Visibility MUST be declared on all properties and methods; abstract and finalMUST be declared before the visibility; static MUST be declared after the visibility.

Opening braces for methods MUST go on the next line, and closing braces MUST go on the next line after the body.

Opening braces for classes MUST go on the next line, and closing braces MUST go on the next line after the body.

There MUST be one blank line after the namespace declaration, and there MUST be one blank line after the block of use declarations.

There MUST NOT be a hard limit on line length; the soft limit MUST be 120 characters; lines SHOULD be 80 characters or less.

Code MUST use 4 spaces for indenting, not tabs.

Research and decided on which speech recognition library to use; Here i had to decided between the AWS-transcribe (https://aws.amazon.com/transcribe/) and Google speech to text (https://cloud.google.com/speech-to-text/) after a lot of research and findings i finally concluded on using the Google Speech to text Service. some of the reasons why i decided to choose Google speech to text over the AWS-transcribe;

Powerful speech recognitionGoogle Cloud Speech-to-Text enables developers to convert audio to text by applying powerful neural network models in an easy-to-use API. The API recognizes 120 languages and variants to support your global user base. You can enable voice command-and-control, transcribe audio from call centers, and more. It can process real-time streaming or prerecorded audio, using Google’s machine learning technology

Automatically identifies spoken languageUsing Cloud Speech-to-Text you can identify what language is spoken in the utterance (limit to four languages). This can be used for voice search (such as, “What is the temperature in Paris?”) and command use cases (such as, “Turn the volume up.”)

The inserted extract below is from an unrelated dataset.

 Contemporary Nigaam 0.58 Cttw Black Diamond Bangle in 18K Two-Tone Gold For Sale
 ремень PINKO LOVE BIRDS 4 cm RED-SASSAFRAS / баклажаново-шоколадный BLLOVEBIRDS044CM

Returns text transcription in real time for short-form or long-form audioCloud Speech-to-Text can stream text results, immediately returning text as it’s recognized from streaming audio or as the user is speaking. Alternatively, Cloud Speech-to-Text can return recognized text from audio stored in a file. It’s capable of analyzing short-form and long-form audio.

Just to name a few

In additon to the Google cloud speech-to-text library i had and am still researching on Twilios voice-api; I had to discover which audio formats it provides, I had to know if it is possible to get a hold of audio-file,I had to also know what is needed to talk to the API.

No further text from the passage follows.